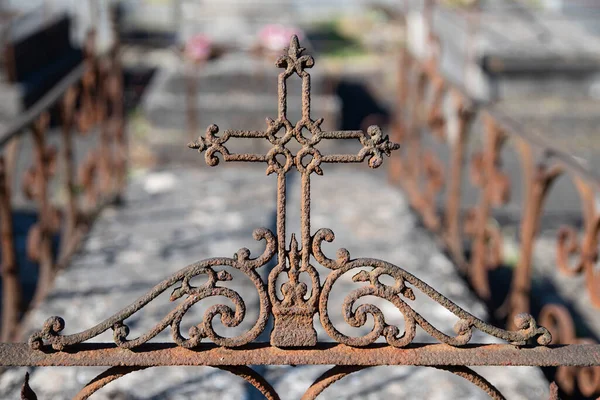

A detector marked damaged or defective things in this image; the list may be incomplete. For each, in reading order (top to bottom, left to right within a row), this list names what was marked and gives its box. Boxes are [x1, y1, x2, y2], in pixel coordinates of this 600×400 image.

rusty metal fence [0, 21, 126, 344]
rusty metal fence [390, 4, 600, 398]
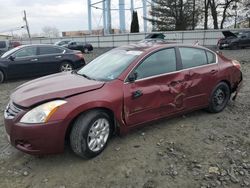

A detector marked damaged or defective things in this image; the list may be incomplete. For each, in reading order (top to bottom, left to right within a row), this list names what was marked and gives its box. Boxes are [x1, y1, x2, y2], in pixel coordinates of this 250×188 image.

damaged car door [122, 47, 188, 126]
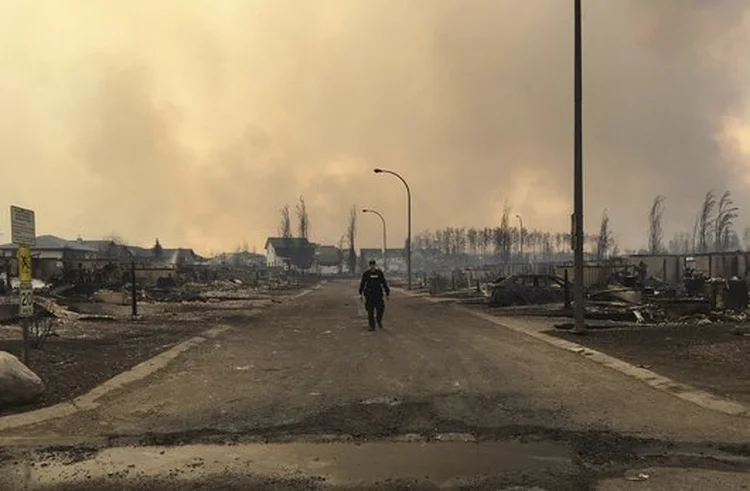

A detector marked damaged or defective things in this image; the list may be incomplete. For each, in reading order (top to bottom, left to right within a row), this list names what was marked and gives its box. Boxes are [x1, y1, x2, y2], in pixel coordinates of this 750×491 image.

destroyed vehicle [490, 272, 568, 308]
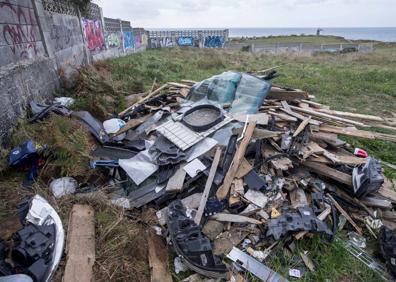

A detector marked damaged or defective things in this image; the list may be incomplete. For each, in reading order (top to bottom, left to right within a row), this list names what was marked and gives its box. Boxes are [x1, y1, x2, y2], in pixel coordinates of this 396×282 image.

broken wood plank [290, 106, 370, 128]
broken wood plank [166, 166, 187, 193]
broken wood plank [195, 148, 223, 225]
broken wood plank [217, 122, 256, 199]
broken wood plank [302, 160, 354, 186]
broken wood plank [328, 194, 362, 236]
broken wood plank [65, 205, 96, 282]
broken wood plank [147, 230, 172, 280]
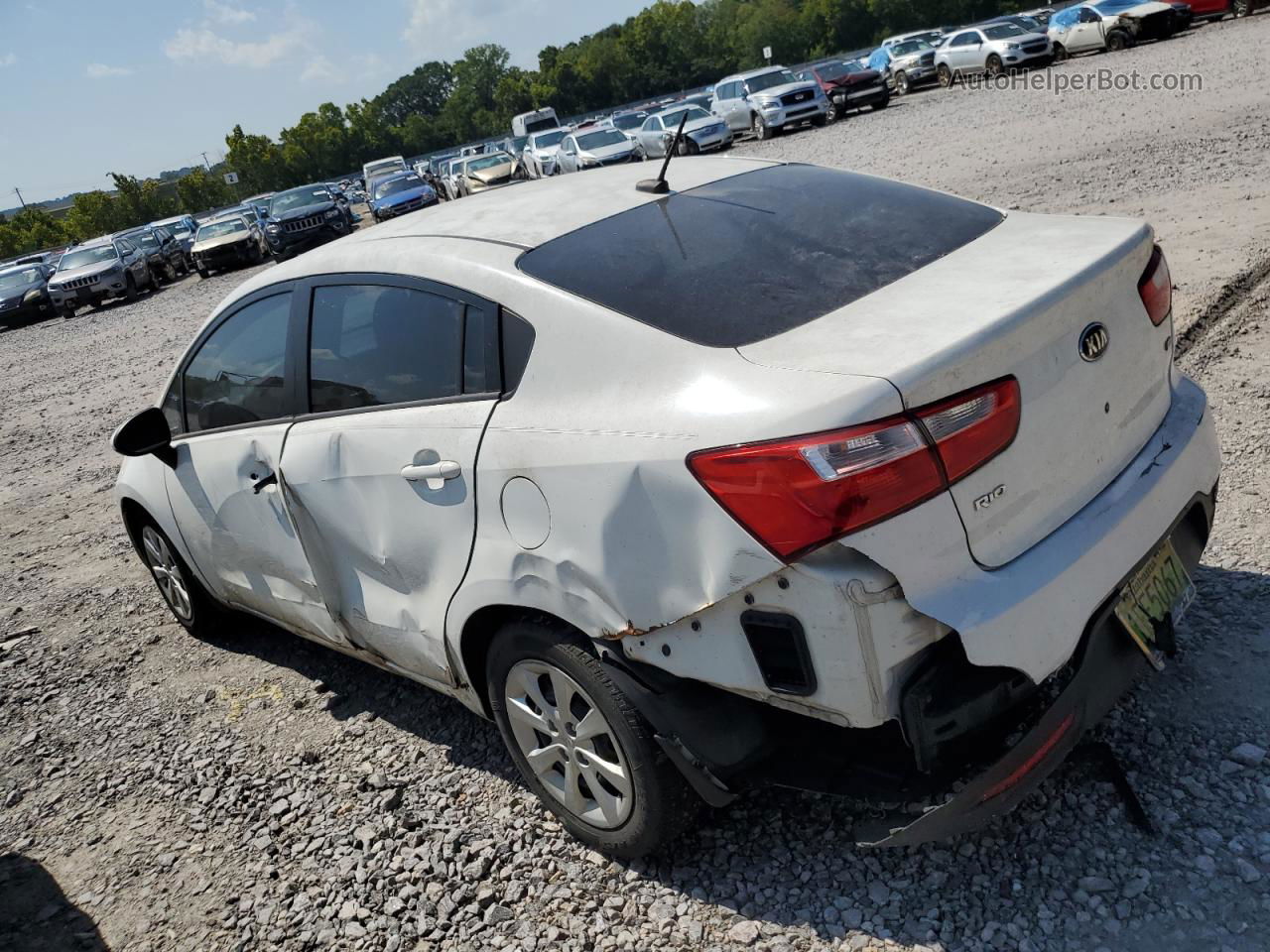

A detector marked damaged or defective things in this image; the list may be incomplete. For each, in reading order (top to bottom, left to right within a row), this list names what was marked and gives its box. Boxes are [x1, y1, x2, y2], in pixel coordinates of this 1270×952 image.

wrecked car [111, 157, 1222, 857]
damaged white sedan [116, 157, 1222, 857]
crushed bumper [853, 484, 1206, 849]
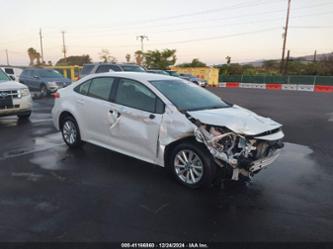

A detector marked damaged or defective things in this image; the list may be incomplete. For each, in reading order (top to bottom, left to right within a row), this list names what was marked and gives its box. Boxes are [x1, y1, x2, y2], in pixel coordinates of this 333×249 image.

severe front damage [184, 105, 282, 181]
crumpled hood [188, 105, 282, 136]
broken headlight assembly [192, 123, 282, 180]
= = = =
| Instructions for the task |
Please set down, with no changes, the line that contains "this 333×249 image." and all the lines after it until the entries end; write nothing besides them.

| Output for this exercise |
A detector marked damaged or defective things in this image; the list may be incomplete. For each, in reading order (top to bottom, left to right within a row), this list names what was marked and gives its box. Boxes are [x1, y1, x2, y2], in pixel coordinates of this 333×249 image.

severe front damage [184, 105, 282, 181]
crumpled hood [188, 105, 282, 136]
broken headlight assembly [192, 123, 282, 180]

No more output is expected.